Adelantándome hacia una de ellas, miré el interior y vi un grupo de personas extrañamente vestidas, que departían entre sí con gran jarana. Como jamás había oído la voz humana, apenas sí podía adivinar vagamente lo que decían. Algunas caras tenían expresiones que despertaban en mí remotísimos recuerdos; otras me eran absolutamente ajenas. Salté por la ventana y me introduje en la habitación, brillantemente iluminada, a la vez que mi mente saltaba del único instante de esperanza al más negro de los desalientos. La pesadilla no tardó en venir, ya que, no bien entré, se produjo una de las más aterradoras reacciones que hubiera podido concebir. No había terminado de cruzar el umbral cuando cundió entre todos los presentes un inesperado y súbito pavor, de horrible intensidad, que distorsionaba los rostros y arrancaba de todas las gargantas los chillidos más espantosos. El desbande fue general, y en medio del griterío y del pánico varios sufrieron desmayos, siendo arrastrados por los que huían enloquecidos. Muchos se taparon los ojos con las manos y corrían a ciegas llevándose todo por delante, derribando los muebles y dándose contra las paredes en su desesperado intento de ganar alguna de las numerosas puertas.

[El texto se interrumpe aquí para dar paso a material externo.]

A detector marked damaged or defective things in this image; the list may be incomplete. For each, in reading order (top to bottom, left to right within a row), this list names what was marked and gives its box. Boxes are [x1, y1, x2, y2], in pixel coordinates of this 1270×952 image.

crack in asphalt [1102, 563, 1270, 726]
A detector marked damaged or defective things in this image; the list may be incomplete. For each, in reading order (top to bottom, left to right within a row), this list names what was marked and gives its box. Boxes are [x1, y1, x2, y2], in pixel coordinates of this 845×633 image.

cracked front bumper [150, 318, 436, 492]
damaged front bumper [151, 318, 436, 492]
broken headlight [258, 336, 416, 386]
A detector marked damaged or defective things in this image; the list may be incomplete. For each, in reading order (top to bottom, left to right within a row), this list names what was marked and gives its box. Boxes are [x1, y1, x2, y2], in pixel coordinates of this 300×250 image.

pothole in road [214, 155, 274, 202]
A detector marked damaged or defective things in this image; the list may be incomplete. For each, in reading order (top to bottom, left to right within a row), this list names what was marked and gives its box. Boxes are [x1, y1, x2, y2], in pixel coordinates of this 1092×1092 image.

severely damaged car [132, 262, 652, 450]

Solo y aturdido en el brillante recinto, escuchando los ecos cada vez más apagados de aquellos espeluznantes gritos, comencé a temblar pensando qué podía ser aquello que me acechaba sin que yo lo viera. A primera vista el lugar parecía vacío, pero cuando me dirigí a una de las alcobas creí detectar una presencia... un amago de movimiento del otro lado del arco dorado que conducía a otra habitación, similar a la primera. A medida que me aproximaba a la arcada comencé a percibir la presencia con más nitidez; y luego, con el primero y último sonido que jamás emití -un aullido horrendo que me repugnó casi tanto como su morbosa causa-, contemplé en toda su horrible intensidad el inconcebible, indescriptible, inenarrable monstruo que, por obra de su mera aparición, había convertido una alegre reunión en una horda de delirantes fugitivos.

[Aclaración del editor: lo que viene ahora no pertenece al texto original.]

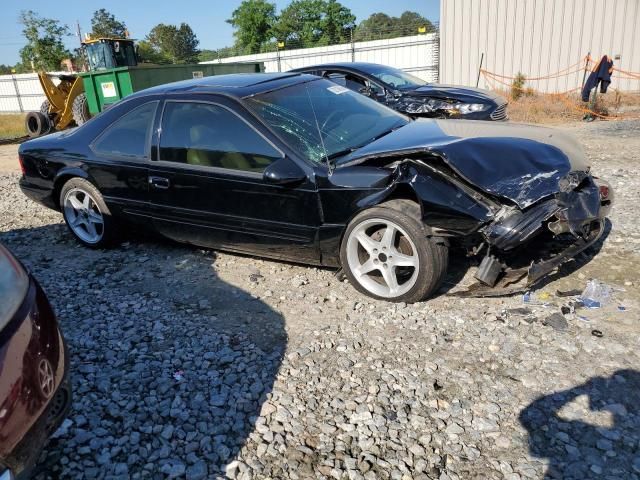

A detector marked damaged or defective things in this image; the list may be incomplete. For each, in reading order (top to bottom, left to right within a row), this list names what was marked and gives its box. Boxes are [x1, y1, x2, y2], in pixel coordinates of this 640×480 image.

damaged black car [292, 62, 510, 121]
damaged black car [17, 73, 612, 302]
broken bumper piece [450, 220, 604, 296]
crushed front end [458, 171, 612, 294]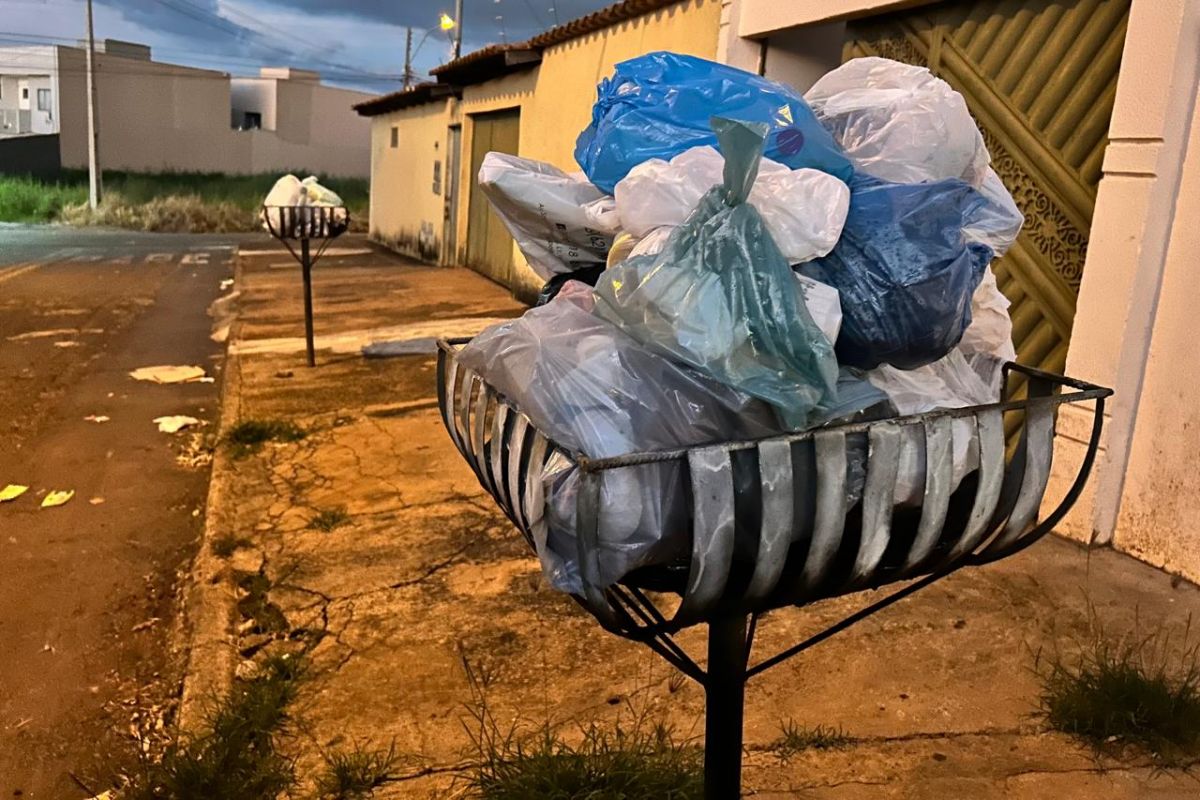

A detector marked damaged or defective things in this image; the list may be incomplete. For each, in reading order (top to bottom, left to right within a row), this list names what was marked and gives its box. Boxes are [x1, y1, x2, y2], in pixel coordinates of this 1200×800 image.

cracked pavement [195, 239, 1200, 800]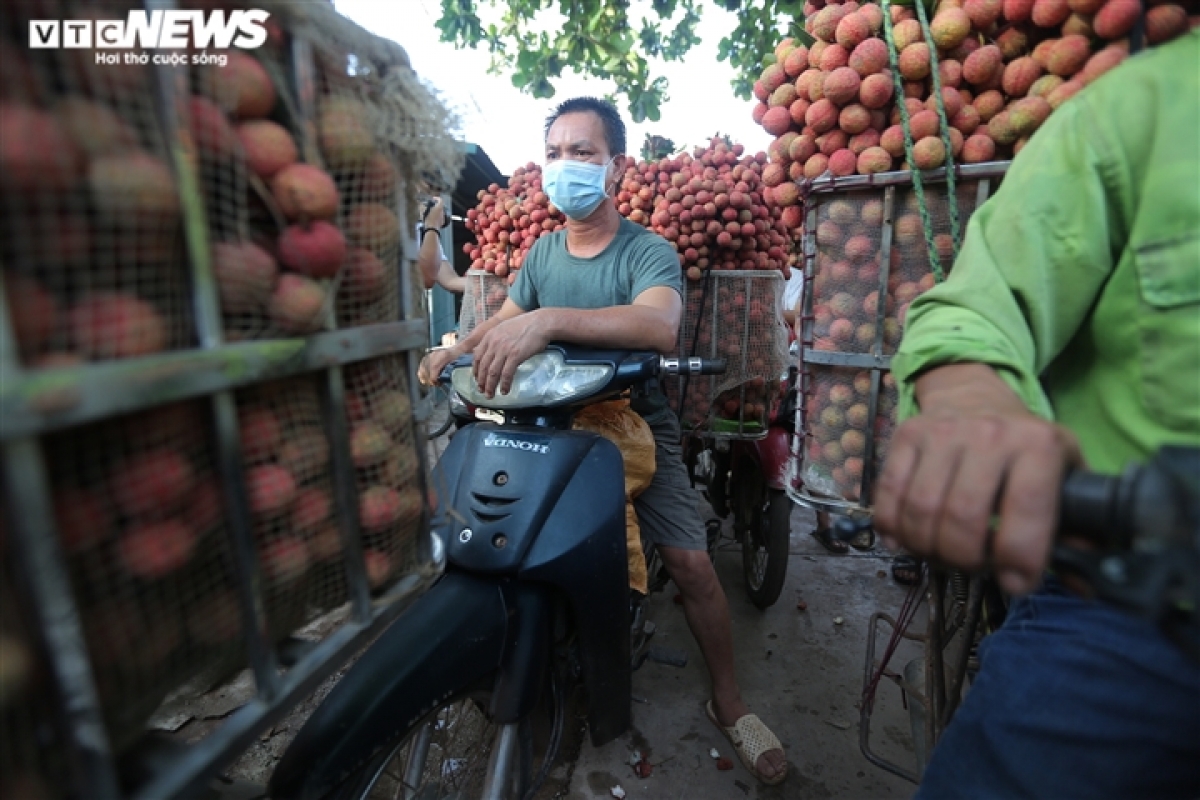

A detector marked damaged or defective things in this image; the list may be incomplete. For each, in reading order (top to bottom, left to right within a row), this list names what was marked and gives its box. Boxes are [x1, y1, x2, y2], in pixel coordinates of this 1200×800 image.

rusty metal rack [0, 25, 446, 800]
rusty metal rack [787, 160, 1012, 520]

No puedo siquiera decir aproximadamente a qué se parecía, pues era un compuesto de todo lo que es impuro, pavoroso, indeseado, anormal y detestable. Era una fantasmagórica sombra de podredumbre, decrepitud y desolación; la pútrida y viscosa imagen de lo dañino; la atroz desnudez de algo que la tierra misericordiosa debería ocultar por siempre jamás. Dios sabe que no era de este mundo -o al menos había dejado de serlo-, y sin embargo, con enorme horror de mi parte, pude ver en sus rasgos carcomidos, con huesos que se entreveían, una repulsiva y lejana reminiscencia de formas humanas; y en sus enmohecidas y destrozadas ropas, una indecible cualidad que me estremecía más aún.

Estaba casi paralizado, pero no tanto como para no hacer un débil esfuerzo hacia la salvación: un tropezón hacia atrás que no pudo romper el hechizo en que me tenía apresado el monstruo sin voz y sin nombre. Mis ojos, embrujados por aquellos asqueantes ojos vítreos que los miraba fijamente, se negaba a cerrarse, si bien el terrible objeto, tras el primer impacto, se veía ahora más confuso. Traté de levantar la mano y disipar la visión, pero estaba tan anonadado que el brazo no respondió por entero a mi voluntad. Sin embargo, el intento fue suficiente como para alterar mi equilibrio y, bamboleándome, di unos pasos hacia adelante para no caer.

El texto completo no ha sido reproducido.